| 
					 Orhan Kemal kimi eleştirmenlerce bazı 
					eserlerini anıların boyunduruğundan kurtaramama 
					değerlendirmesine maruz kalmışsa da bütün bu türden 
					yargıları paranteze almamızı sağlayacak iki önemli güce 
					sahiptir: güçlü diyaloglar ve karakterler arasındaki bağın 
					sağlamca bina edilişi... 
					Otobüse bindiğinizde, otobüsten inip 
					yolda yürüdüğünüzde rastladığınız insanların, nesnelerin, 
					ilişkilerin, kavramların yazarı...  
					“Yaşanan” hayatın, “her nasıl 
					yaşanıyorsa öyle” olacak şekilde etkileyici ve inandırıcı, 
					birebir göz önünde canlandırıcı yazarı...  
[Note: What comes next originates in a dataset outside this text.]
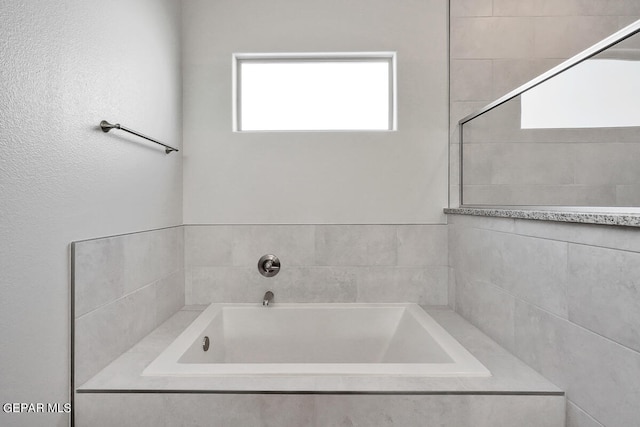 bathroom with a relaxing tiled tub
					Şimdilerde kitapları yeniden basılmaya 
					başlanan Orhan Kemal’in adı anılır anılmaz akla ilk gelen 
					olgular bunlar. Aramızdan ayrılışından beri aradan geçen 
					onca zamana karşın, hâlâ otobüste yanımızda oturan güngörmüş 
					bir bilge gibi bize seslenen bu adamın sanatının sırrı ne 
					ola? Nasıl anlamış olmalı sanatı ki, büyüsü, gün geçtikçe 
					azalacağına artmakta! 
					Ağustos 1970 tarihli Varlık’ta 
					kendisiyle yapılmış bir söyleşide, bu sırrın ipuçları 
					süzülebilir: “Sanatımın amacı... Şöyle özetlemekte bir 
					sakınca var mı acaba? Halkımızın, genel olarak da insan 
					soyunun müsbet bilimler doğrultusundaki en bağımsız koşullar 
					içinde, en mutlu olmasını isteme çabası. Ünlü Lincoln'ün 
					demokrasi tarifi gibi: Halkın, halk için, halk tarafından 
					yönetimi der o. Biz de neden şöyle demeyelim? "İnsanlığın, 
					insanlık tarafından, insanlık için yönetilme çabası adına 
					sanat."  
					  
					Orhan Kemal’in gerçeği 
					“Toplumcu Edebiyat”ı “Milli Edebiyat”ın 
					bir adım önüne çıkaran Refik Halit Karay’dan sonra, dümeni 
					siyasete kıran Sabahattin Ali ve bireyciliğe geçişin ilk 
					örneklerini sunan Sait Faik ile birlikte 1950’li yılların 
					bir diğer damarıdır Orhan Kemal. Gerek hikâye ve roman 
					kişileri, gerekse bu kişilerin muhtemel dünyalarına 
					bağlılığıyla, edebiyatımızda “Toplumcu Gerçekçilik” şeklinde 
					isimlendirilen bir anlayışın ürünlerini sunar. 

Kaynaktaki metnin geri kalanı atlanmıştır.